This is the code for the SpeechTokenizer presented in the SpeechTokenizer: Unified Speech Tokenizer for Speech Language Models. SpeechTokenizer is a unified speech tokenizer for speech language models, which adopts the Encoder-Decoder architecture with residual vector quantization (RVQ). Unifying semantic and acoustic tokens, SpeechTokenizer disentangles different aspects of speech information hierarchically across different RVQ layers. Specifically, the code indices that the first quantizer of RVQ outputs can be considered as semantic tokens and the output of the remaining quantizers mainly contain timbre info, which serve as supplements for the information lost by the first quantizer. We provide our models:
- A model operated at 16khz on monophonic speech trained on Librispeech with average representation across all HuBERT layers as semantic teacher.
The SpeechTokenizer framework.
Welcome to try our SLMTokBench and we will also open source our USLM !!

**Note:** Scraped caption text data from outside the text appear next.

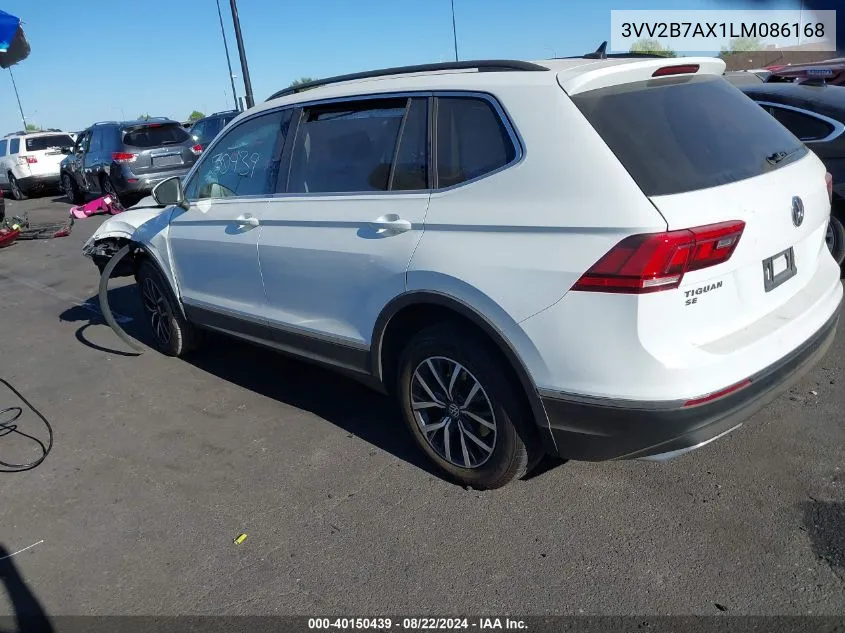 2020 Volkswagen Tiguan 2.0T Se/2.0T Se R-Line Black/2.0T Sel VIN: 3VV2B7AX1LM086168 Lot: 40150439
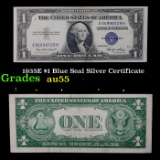 1935E $1 Blue Seal Silver Certificate Grades Choice AU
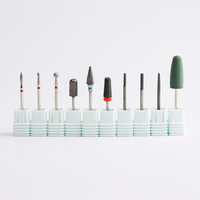 Kit d'accessoires multifonctionnels professionnels portables pour ponceuse à ongles électrique, embouts en acier inoxydable pour le ponçage des capsules d'ongles en acrylique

Samples are provided on our demo page.
SpeechTokenizer requires Python>=3.8, and a reasonly recent version of PyTorch. To install SpeechTokenizer, you can run from this repository:
pip install -U speechtokenizer
# or you can clone the repo and install locally
git clone https://github.com/ZhangXInFD/SpeechTokenizer.git
cd SpeechTokenizer
pip install .
Model | Dataset | Discription |
---|---|---|
speechtokenizer_hubert_avg | LibriSpeech | Adopt average representation across all HuBERT layers as semantic teacher |
from speechtokenizer import SpeechTokenizer
config_path = '/path/config.json'
ckpt_path = '/path/SpeechTokenizer.pt'
model = SpeechTokenizer.load_from_checkpoint(config_path, ckpt_path)
model.eval()
import torchaudio
import torch
# Load and pre-process speech waveform
wav, sr = torchaudio.load('<SPEECH_FILE_PATH>')

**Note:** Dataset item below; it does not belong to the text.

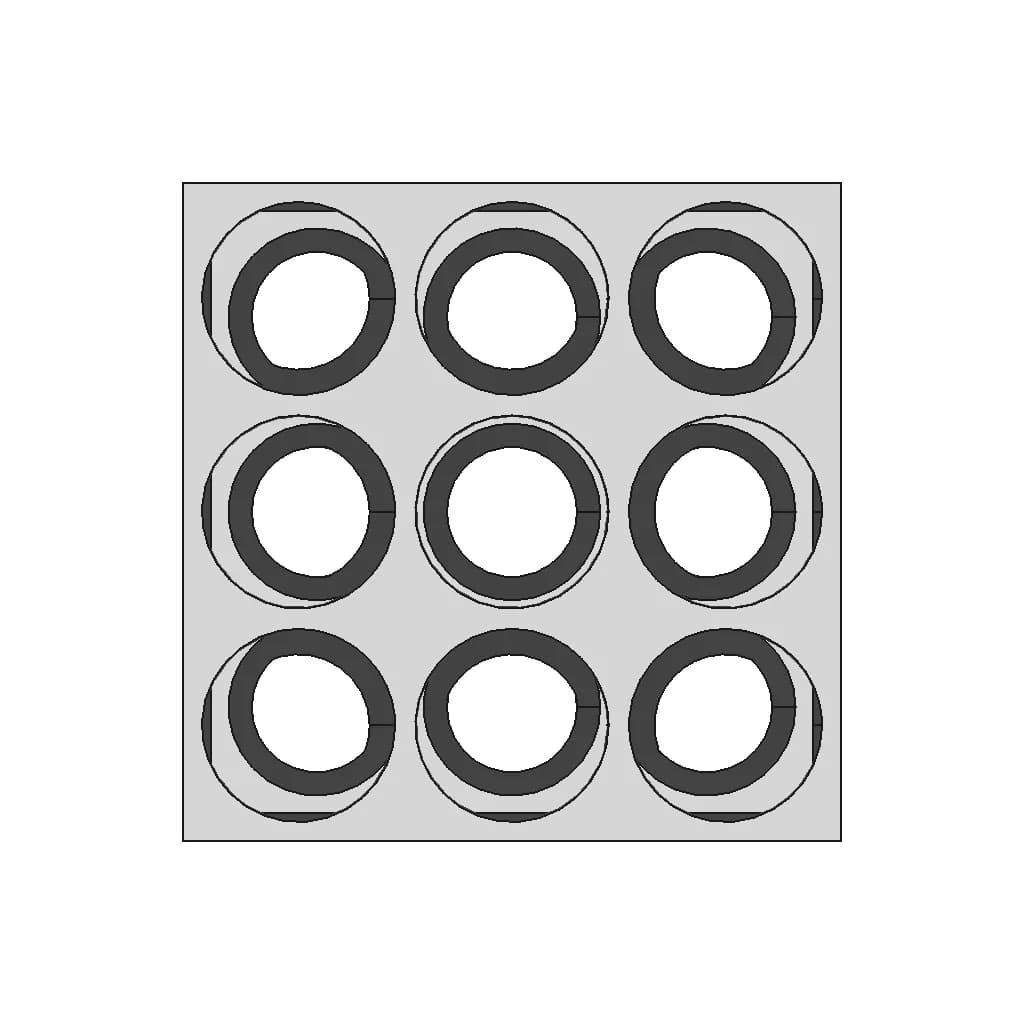 3D Printable - Tf25 Collet Storage Tray (Sr20 Swiss Collets) | 3D Engineering Design File_0_0_degree_snapshot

if sr != model.sample_rate:
wav = torchaudio.functional.resample(wav, sr, model.sample_rate)
wav = wav.unsqueeze(0)
# Extract discrete codes from SpeechTokenizer
with torch.no_grad():
codes = model.encode(wav) # codes: (n_q, B, T)
RVQ_1 = codes[:1, :, :] # Contain content info, can be considered as semantic tokens
RVQ_remain = codes[1:, :, :] # Contain timbre info, complete info lost by the first quantizers
# Decoding from the first quantizers to ith quantizers
wav = model.decode(codes[:(i + 1)]) # wav: (B, 1, T)
# Decoding from ith quantizers to jth quantizers
wav = model.decode(codes[i: (j + 1)], st=i)
# Concatenating semantic tokens (RVQ_1) and supplementary timbre tokens and then decoding
RVQ_1 = ... # (1, B, T), semantic tokens
RVQ_supplement = ... # (..., B, T), supplementary timbre tokens
wav = model.decode(torch.cat([RVQ_1, RVQ_supplement], axis=0))
If you use this code or result in your paper, please cite our work as:
@misc{zhang2023speechtokenizer,
title={SpeechTokenizer: Unified Speech Tokenizer for Speech Language Models},
author={Xin Zhang and Dong Zhang and Shimin Li and Yaqian Zhou and Xipeng Qiu},
year={2023},
eprint={2308.16692},
archivePrefix={arXiv},
primaryClass={cs.CL}
}
The code in this repository is released under the Apache 2.0 license as found in the LICENSE file.